══ Data records

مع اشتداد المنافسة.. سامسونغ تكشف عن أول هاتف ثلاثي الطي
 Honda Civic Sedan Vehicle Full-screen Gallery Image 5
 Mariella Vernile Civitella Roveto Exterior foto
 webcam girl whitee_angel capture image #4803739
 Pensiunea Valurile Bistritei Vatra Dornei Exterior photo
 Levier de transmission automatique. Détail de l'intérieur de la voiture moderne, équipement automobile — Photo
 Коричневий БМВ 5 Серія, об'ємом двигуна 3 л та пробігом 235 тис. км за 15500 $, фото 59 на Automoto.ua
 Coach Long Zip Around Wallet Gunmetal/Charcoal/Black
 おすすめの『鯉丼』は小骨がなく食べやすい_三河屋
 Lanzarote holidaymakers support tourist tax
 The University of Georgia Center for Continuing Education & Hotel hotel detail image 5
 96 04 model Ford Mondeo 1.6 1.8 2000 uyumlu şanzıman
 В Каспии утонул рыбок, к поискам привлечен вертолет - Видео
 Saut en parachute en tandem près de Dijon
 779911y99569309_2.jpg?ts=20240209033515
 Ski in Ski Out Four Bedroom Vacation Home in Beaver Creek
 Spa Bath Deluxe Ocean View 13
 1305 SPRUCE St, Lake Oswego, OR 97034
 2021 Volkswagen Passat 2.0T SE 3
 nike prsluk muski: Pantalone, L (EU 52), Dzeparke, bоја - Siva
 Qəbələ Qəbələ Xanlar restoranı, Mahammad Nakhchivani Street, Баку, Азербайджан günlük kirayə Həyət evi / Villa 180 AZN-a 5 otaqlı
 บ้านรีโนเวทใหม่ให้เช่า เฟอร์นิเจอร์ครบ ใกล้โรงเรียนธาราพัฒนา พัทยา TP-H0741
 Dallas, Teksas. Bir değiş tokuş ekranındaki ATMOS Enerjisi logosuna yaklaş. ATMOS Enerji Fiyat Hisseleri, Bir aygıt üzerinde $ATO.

════

# What this task involves
Find the line that contains "Honda Civic Sedan". Copy it and every line after it to the end of the records, exactly, and nothing more.

# Output for this task
 Honda Civic Sedan Vehicle Full-screen Gallery Image 5
 Mariella Vernile Civitella Roveto Exterior foto
 webcam girl whitee_angel capture image #4803739
 Pensiunea Valurile Bistritei Vatra Dornei Exterior photo
 Levier de transmission automatique. Détail de l'intérieur de la voiture moderne, équipement automobile — Photo
 Коричневий БМВ 5 Серія, об'ємом двигуна 3 л та пробігом 235 тис. км за 15500 $, фото 59 на Automoto.ua
 Coach Long Zip Around Wallet Gunmetal/Charcoal/Black
 おすすめの『鯉丼』は小骨がなく食べやすい_三河屋
 Lanzarote holidaymakers support tourist tax
 The University of Georgia Center for Continuing Education & Hotel hotel detail image 5
 96 04 model Ford Mondeo 1.6 1.8 2000 uyumlu şanzıman
 В Каспии утонул рыбок, к поискам привлечен вертолет - Видео
 Saut en parachute en tandem près de Dijon
 779911y99569309_2.jpg?ts=20240209033515
 Ski in Ski Out Four Bedroom Vacation Home in Beaver Creek
 Spa Bath Deluxe Ocean View 13
 1305 SPRUCE St, Lake Oswego, OR 97034
 2021 Volkswagen Passat 2.0T SE 3
 nike prsluk muski: Pantalone, L (EU 52), Dzeparke, bоја - Siva
 Qəbələ Qəbələ Xanlar restoranı, Mahammad Nakhchivani Street, Баку, Азербайджан günlük kirayə Həyət evi / Villa 180 AZN-a 5 otaqlı
 บ้านรีโนเวทใหม่ให้เช่า เฟอร์นิเจอร์ครบ ใกล้โรงเรียนธาราพัฒนา พัทยา TP-H0741
 Dallas, Teksas. Bir değiş tokuş ekranındaki ATMOS Enerjisi logosuna yaklaş. ATMOS Enerji Fiyat Hisseleri, Bir aygıt üzerinde $ATO.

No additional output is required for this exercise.